[Short web captions]
-.-.-
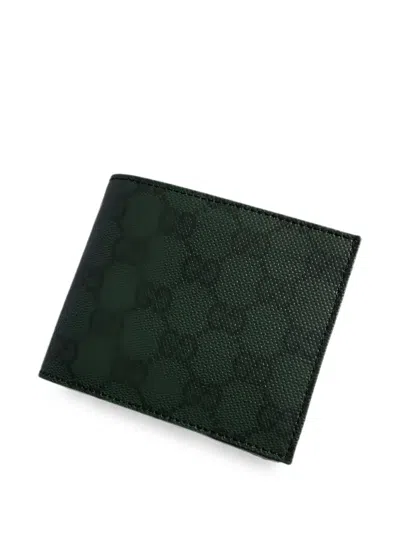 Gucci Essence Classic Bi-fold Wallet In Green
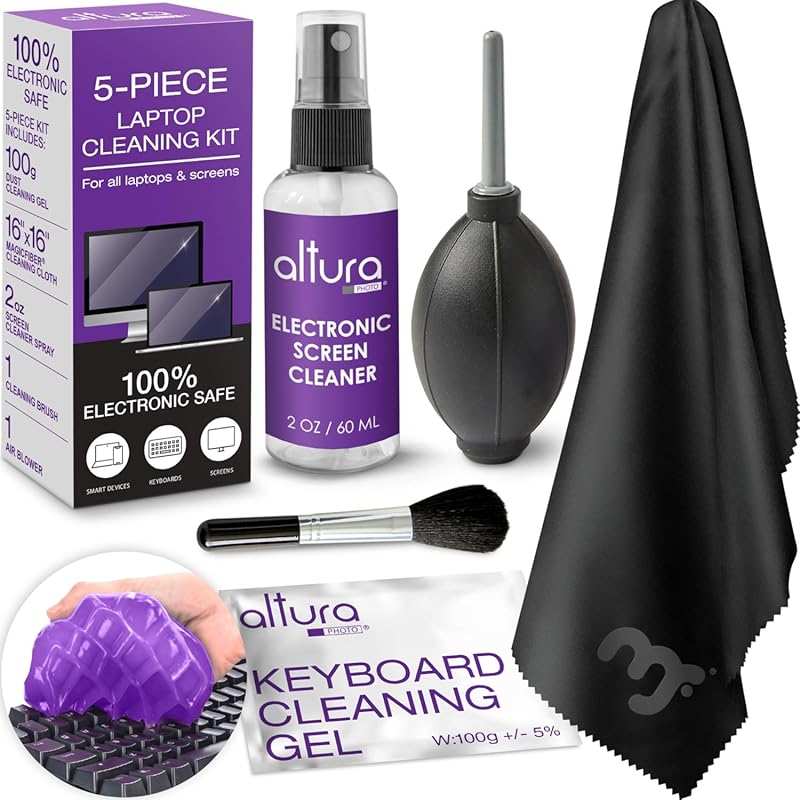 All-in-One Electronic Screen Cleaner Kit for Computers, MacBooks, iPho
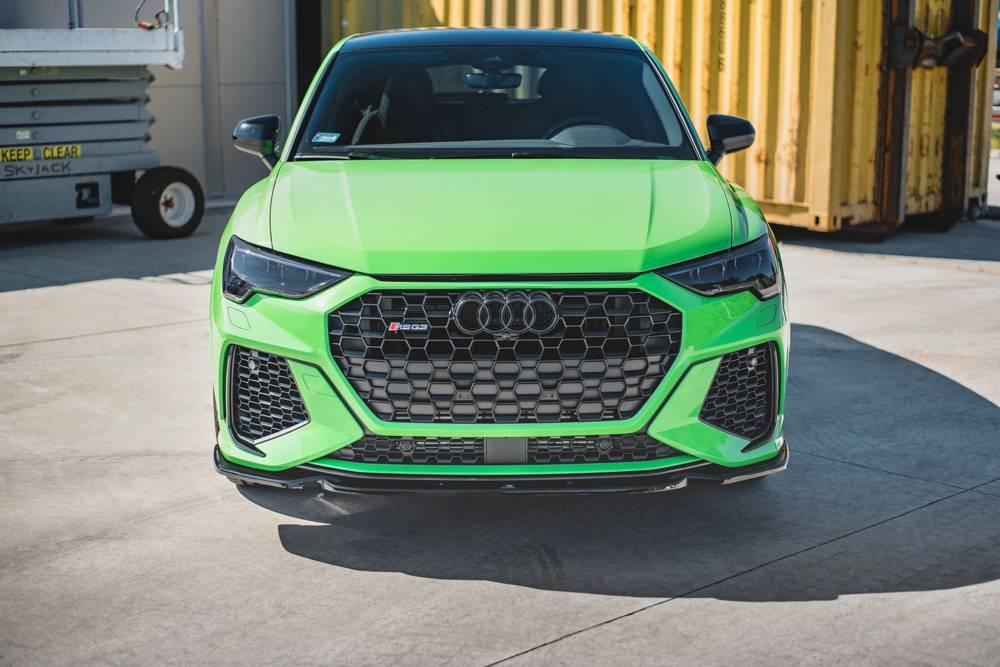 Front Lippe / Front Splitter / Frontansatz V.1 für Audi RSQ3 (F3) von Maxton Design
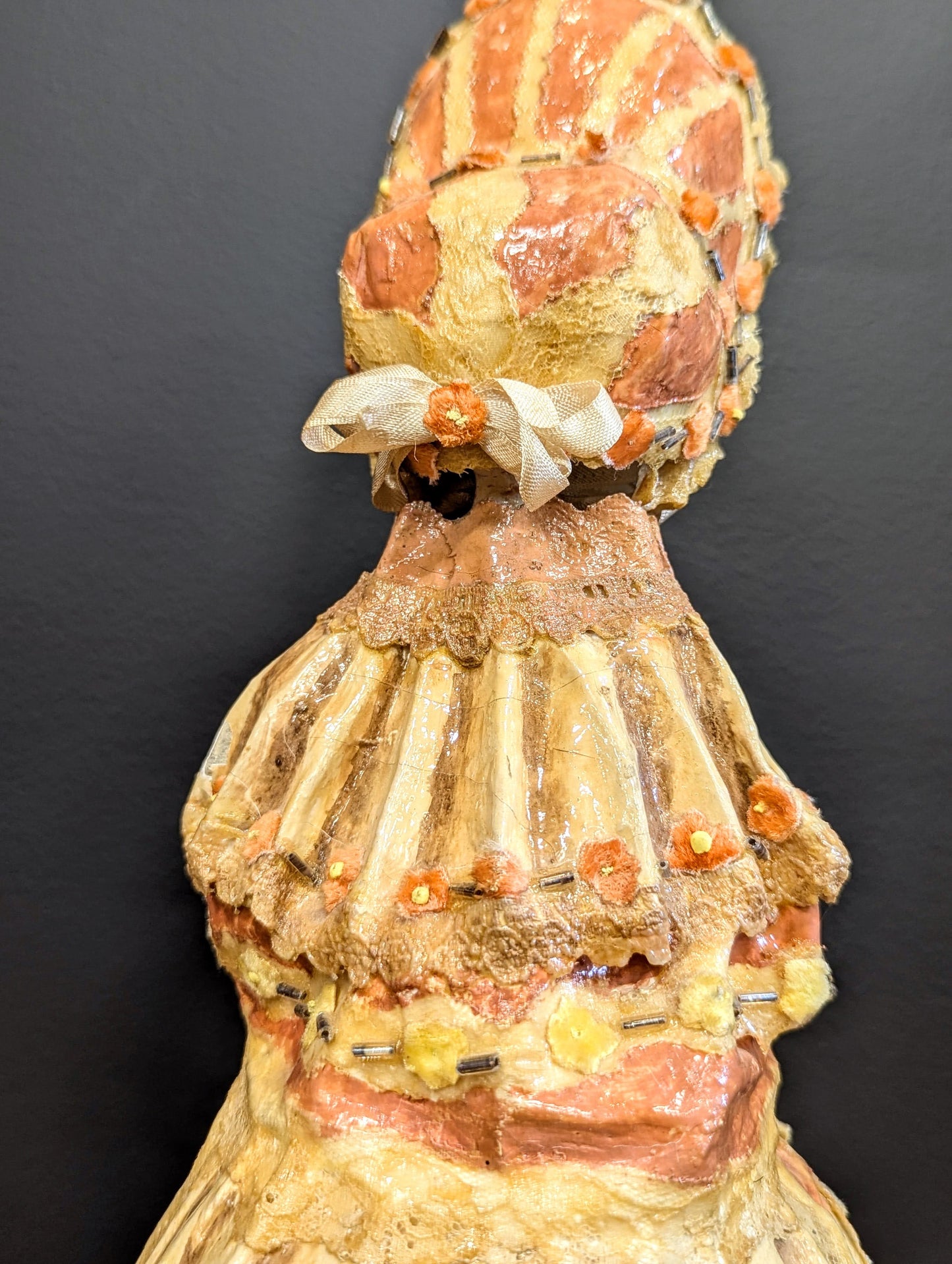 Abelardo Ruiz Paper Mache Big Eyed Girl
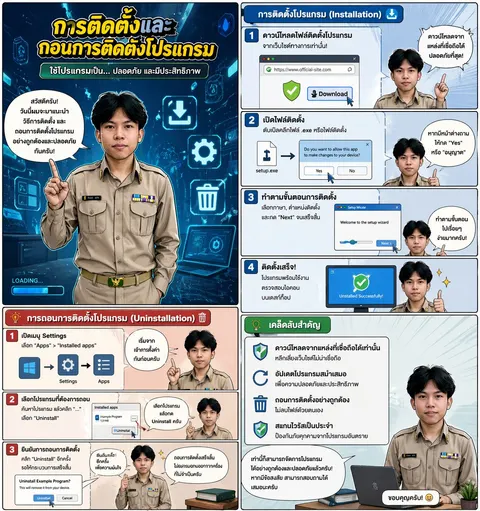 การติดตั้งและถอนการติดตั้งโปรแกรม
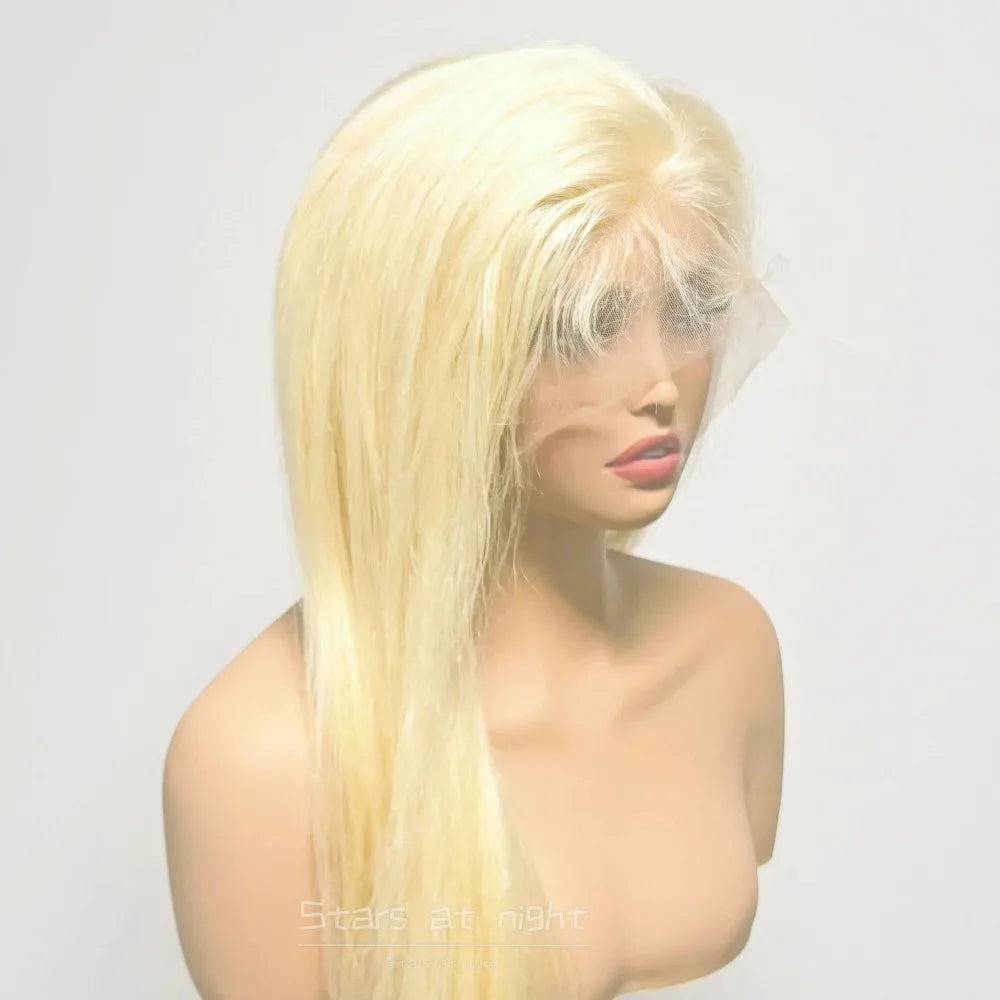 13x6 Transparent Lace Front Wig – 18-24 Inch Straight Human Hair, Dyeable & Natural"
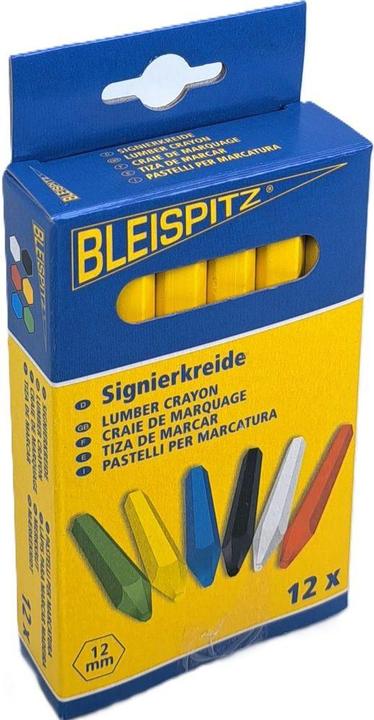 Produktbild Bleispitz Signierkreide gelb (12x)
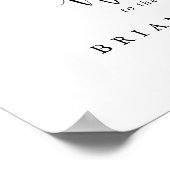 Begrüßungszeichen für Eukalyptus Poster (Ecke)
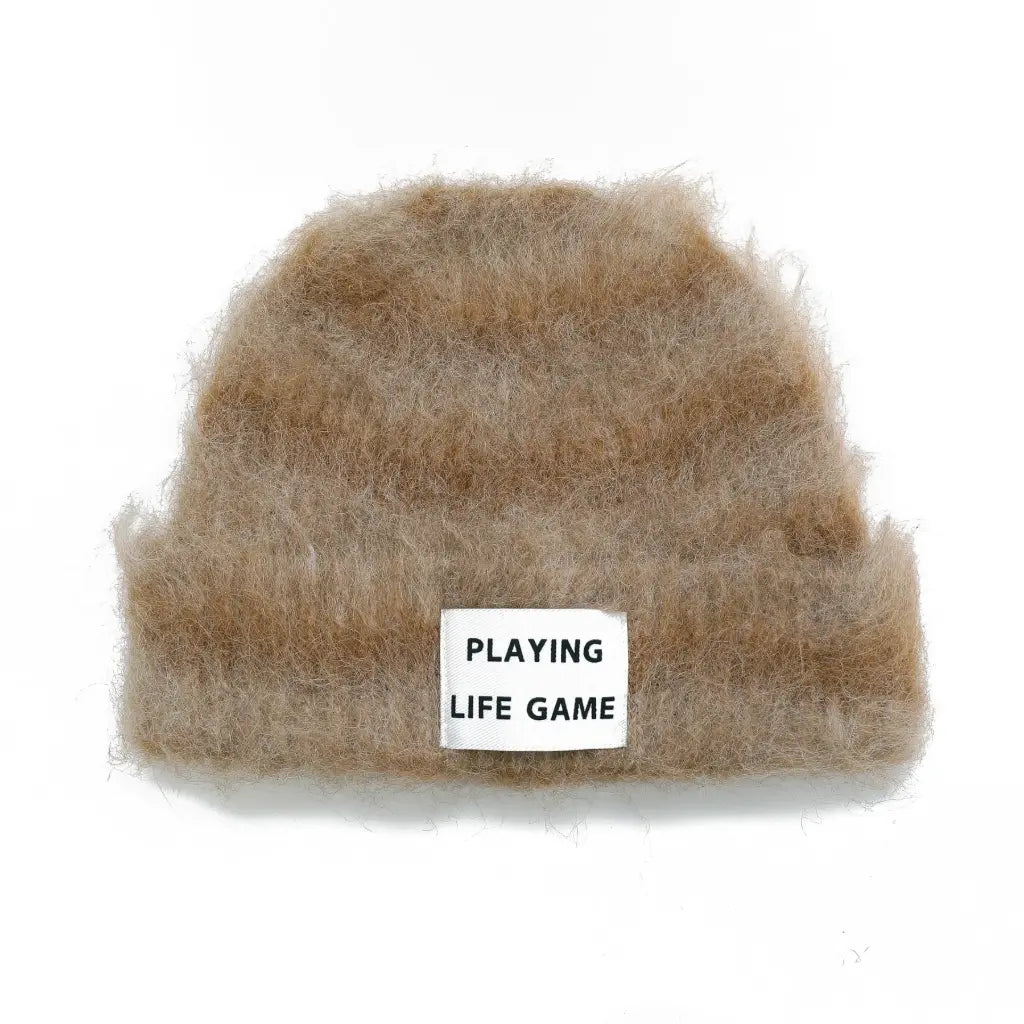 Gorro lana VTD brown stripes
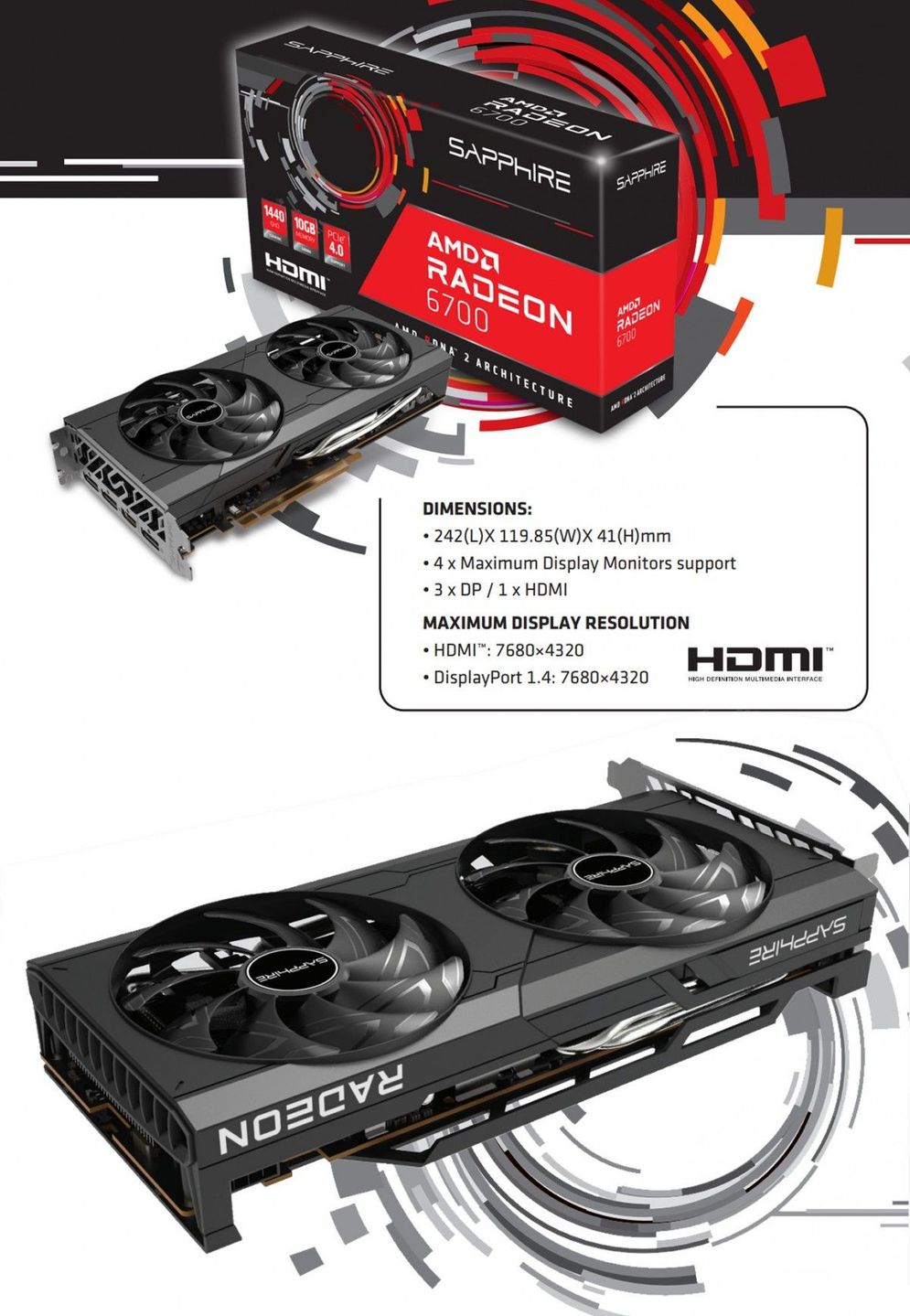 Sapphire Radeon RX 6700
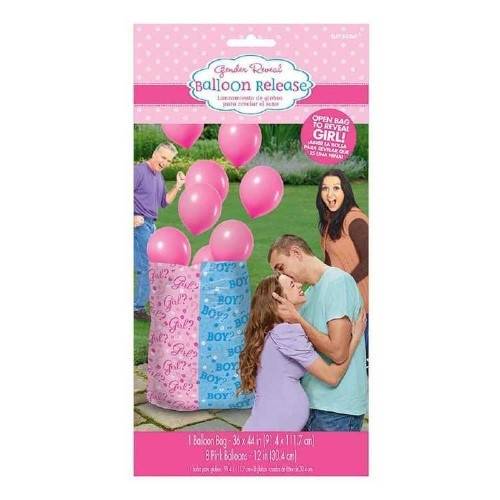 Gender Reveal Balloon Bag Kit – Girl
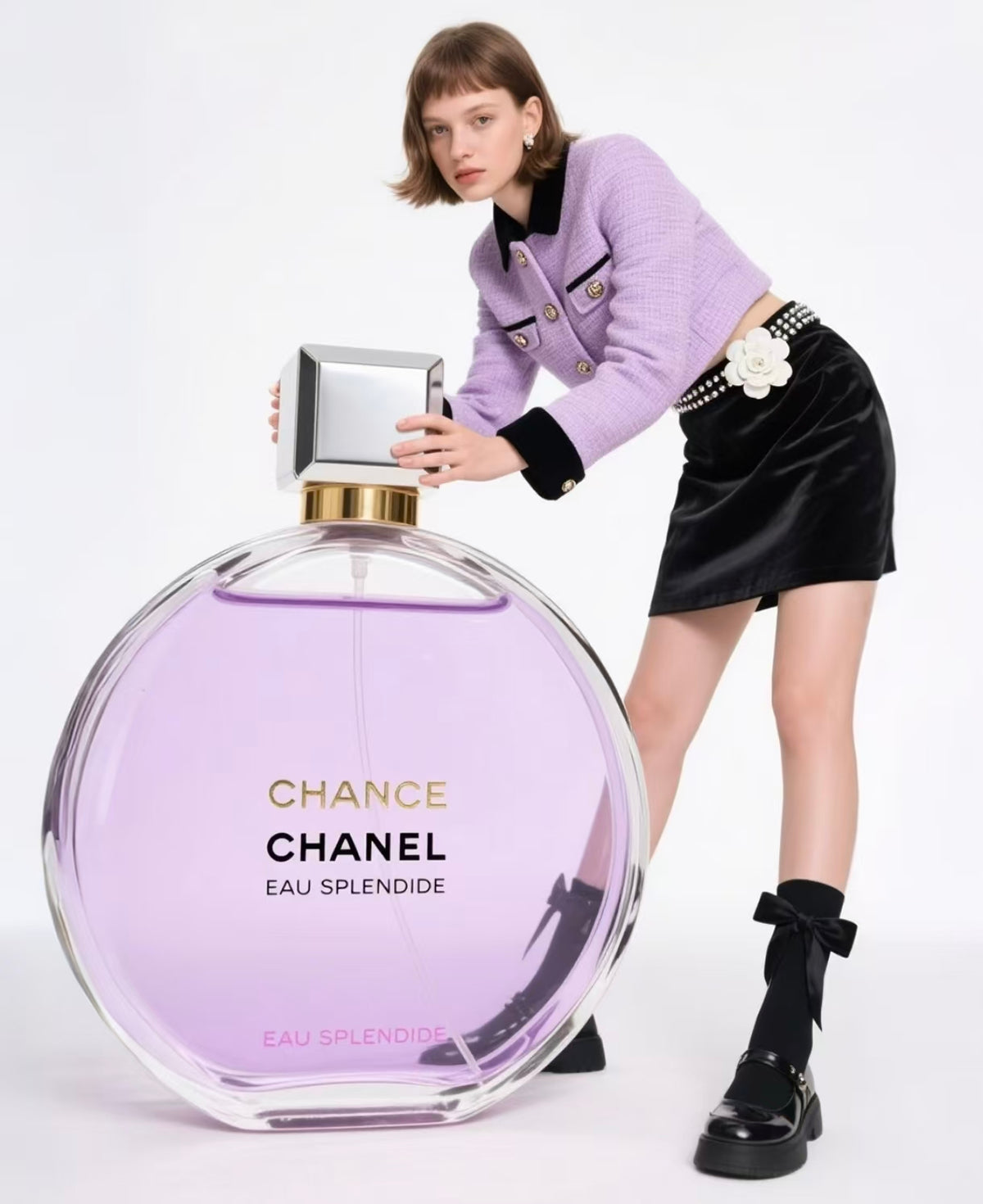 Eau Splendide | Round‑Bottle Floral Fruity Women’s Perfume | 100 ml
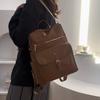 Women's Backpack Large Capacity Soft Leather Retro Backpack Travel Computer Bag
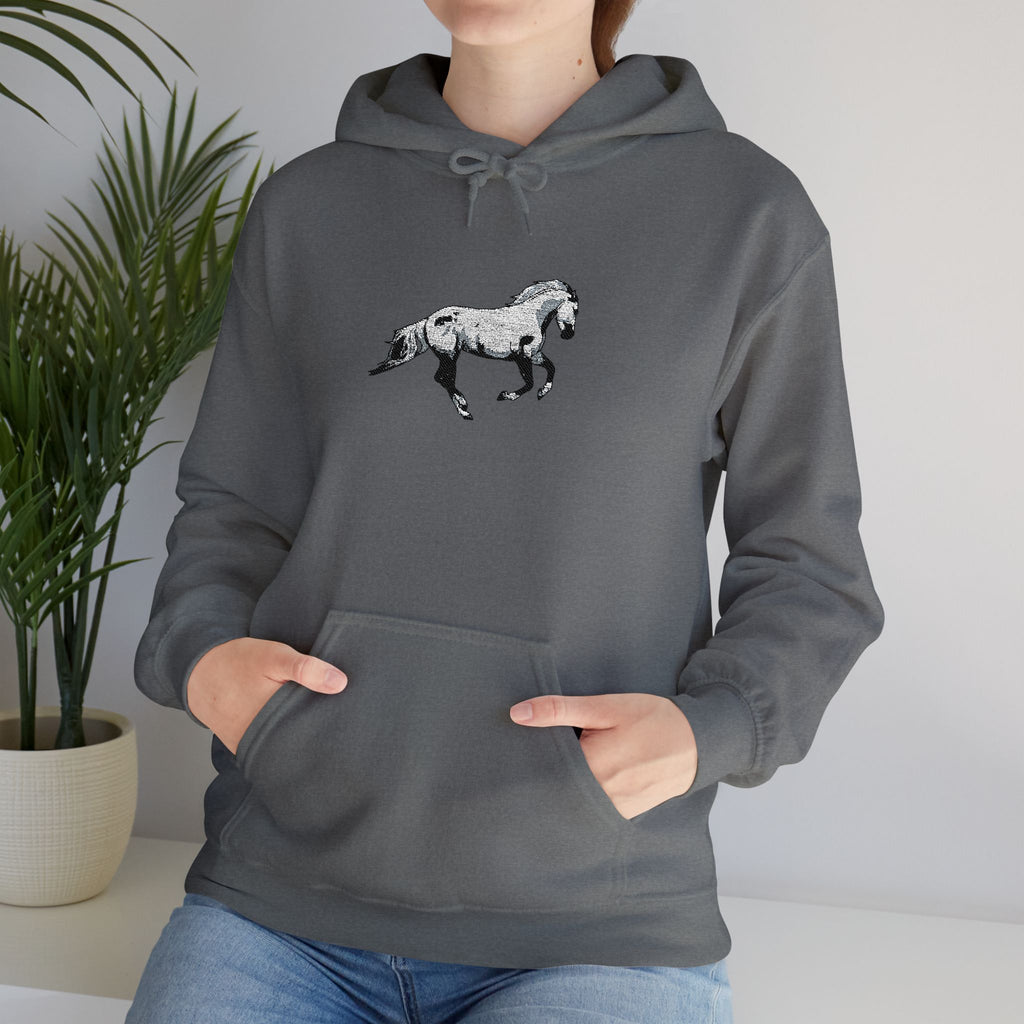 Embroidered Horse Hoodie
-.-.-
* REQUIRED WORK
Copy the records exactly, leaving out every picture.

* WRITTEN ANSWER
 Gucci Essence Classic Bi-fold Wallet In Green
 All-in-One Electronic Screen Cleaner Kit for Computers, MacBooks, iPho
 Front Lippe / Front Splitter / Frontansatz V.1 für Audi RSQ3 (F3) von Maxton Design
 Abelardo Ruiz Paper Mache Big Eyed Girl
 การติดตั้งและถอนการติดตั้งโปรแกรม
 13x6 Transparent Lace Front Wig – 18-24 Inch Straight Human Hair, Dyeable & Natural"
 Produktbild Bleispitz Signierkreide gelb (12x)
 Begrüßungszeichen für Eukalyptus Poster (Ecke)
 Gorro lana VTD brown stripes
 Sapphire Radeon RX 6700
 Gender Reveal Balloon Bag Kit – Girl
 Eau Splendide | Round‑Bottle Floral Fruity Women’s Perfume | 100 ml
 Women's Backpack Large Capacity Soft Leather Retro Backpack Travel Computer Bag
 Embroidered Horse Hoodie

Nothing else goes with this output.